Breaking the Barrier: Enhanced Utility and Robustness in Smoothed DRL Agents.
Abstract
Robustness remains a paramount concern in deep reinforcement learning (DRL), with randomized smoothing emerging as a key technique for enhancing this attribute. However, a notable gap exists in the performance of current smoothed DRL agents, often characterized by significantly low clean rewards and weak robustness.

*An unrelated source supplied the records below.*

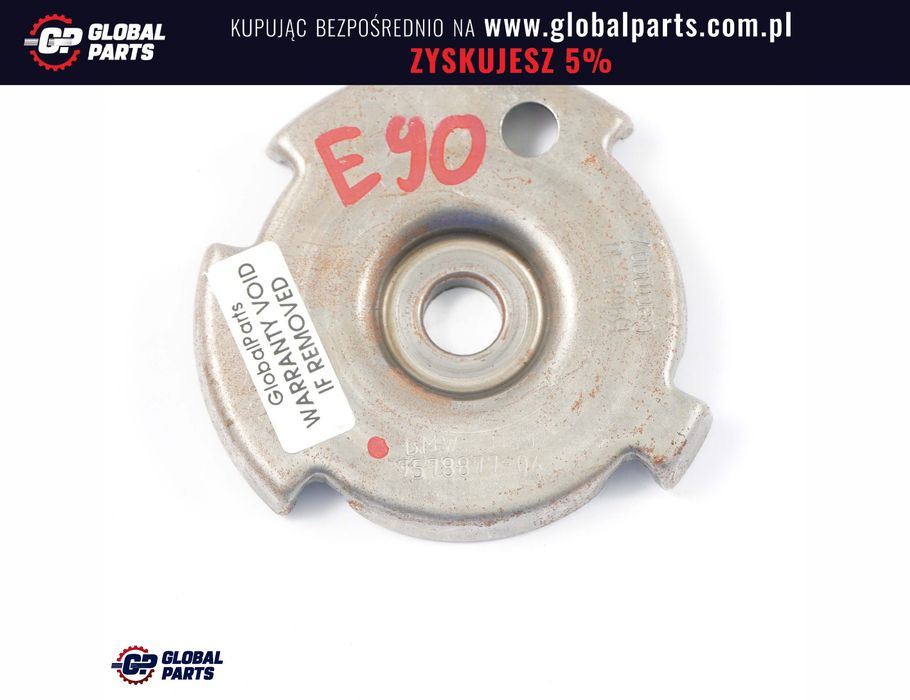 BMW E90 LCI F30 F80 M3 F82 M4 Koło Impulsowe Wałka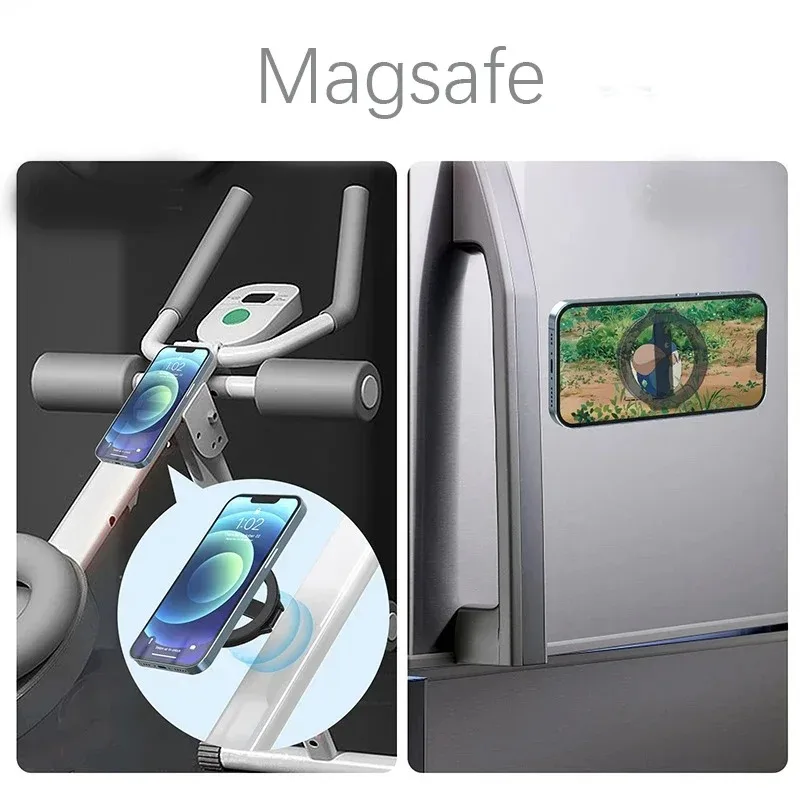 ل Magsafe المعادن المغناطيسية 1 قطعة شفط قوي الدور...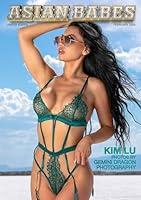 Algopix Similar Product 13 - Asian Babes Magazine  United States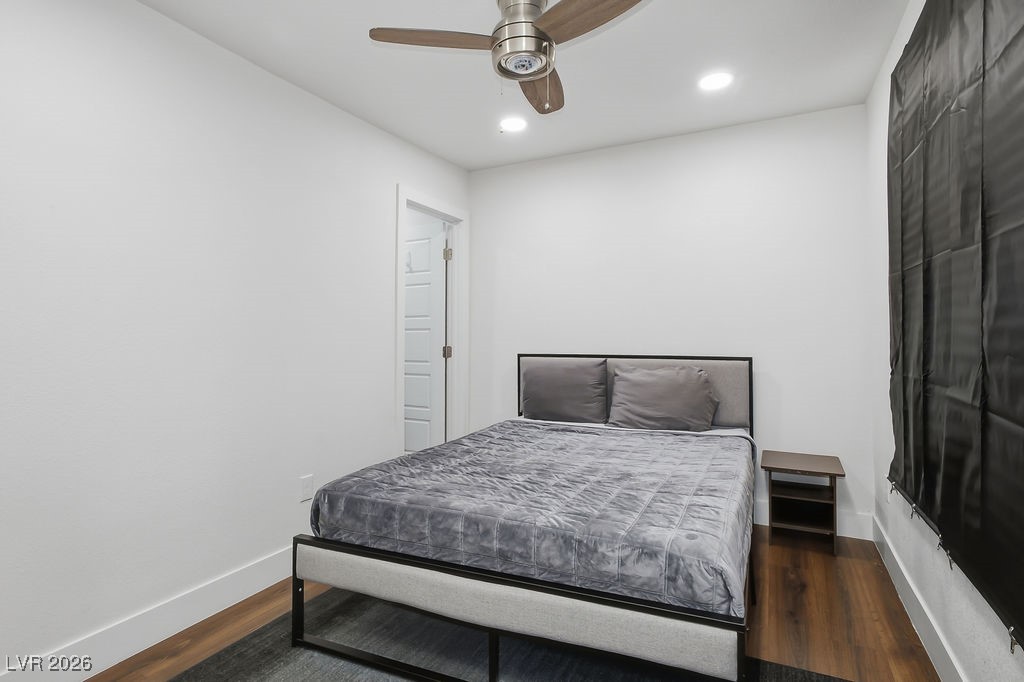 3809 Territory Street Las Vegas NV 89121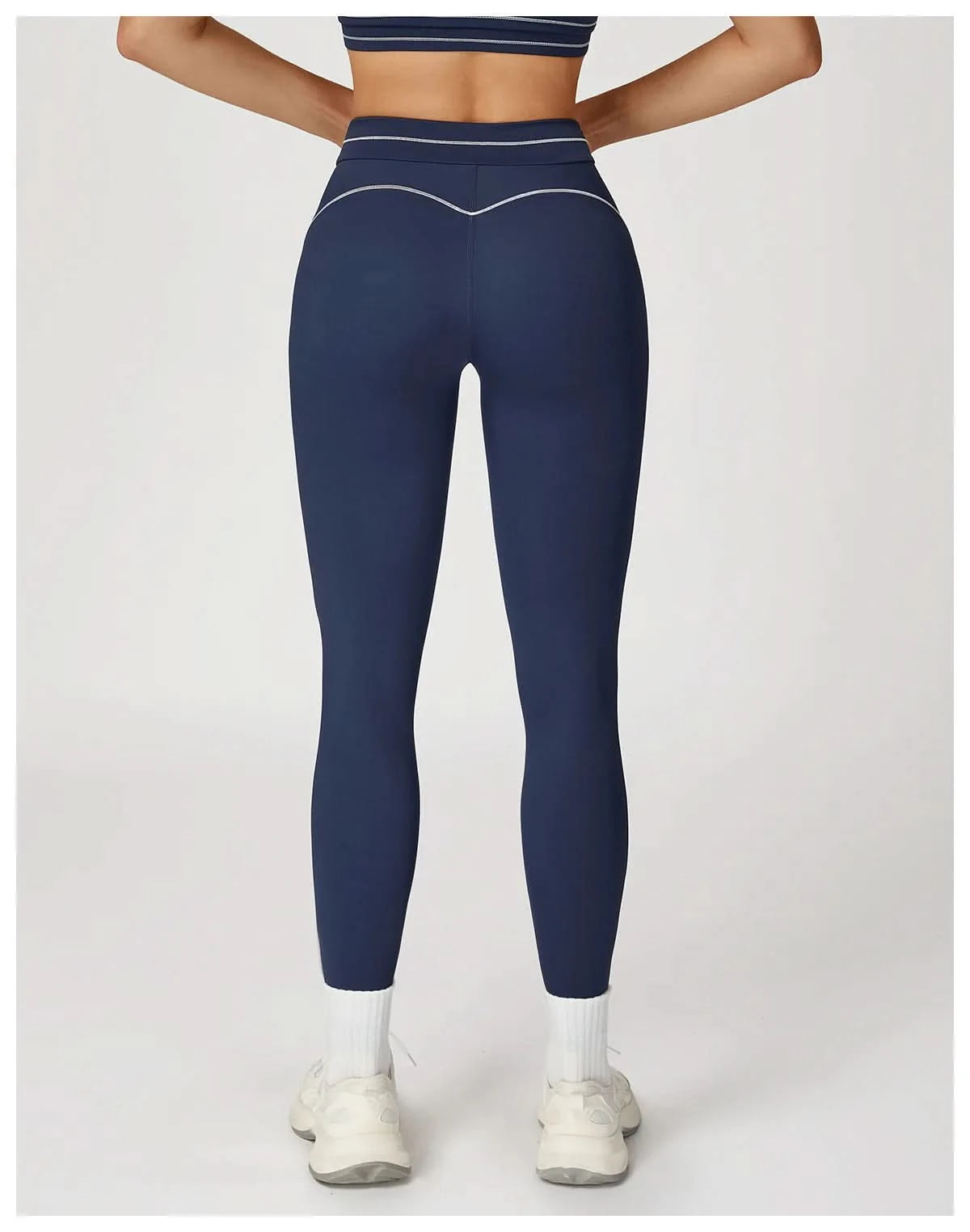 Legging Eveo Pure Form™ Full Line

In response to this challenge, our study introduces innovative algorithms aimed at training effective smoothed robust DRL agents. We propose S-DQN and S-PPO, novel approaches that demonstrate remarkable improvements in clean rewards, empirical robustness, and robustness guarantee across standard RL benchmarks. Notably, our S-DQN and S-PPO agents not only significantly outperform existing smoothed agents by an average factor of \(\bf{2.16\times}\) under the strongest attack, but also surpass previous robustly-trained agents by an average factor of \(\bf{2.13\times}\). This represents a significant leap forward in the field.
Furthermore, we introduce Smoothed Attack, which is \(\bf{1.89\times}\) more effective in decreasing the rewards of smoothed agents than existing adversarial attacks.
Overview of our method.
Motivation
Recently, there is a growing interest on enabling certifiable robustness in DRL agents using Randomized Smoothing (RS), transforming agents into their smoothed counterparts during testing. Unfortunately, we found that existing smoothed agents (in brown color) demonstrate a notable deficiency: they yield substantially lower clean reward and little improvement in robustness compared to their non-smoothed counterparts (in grey color).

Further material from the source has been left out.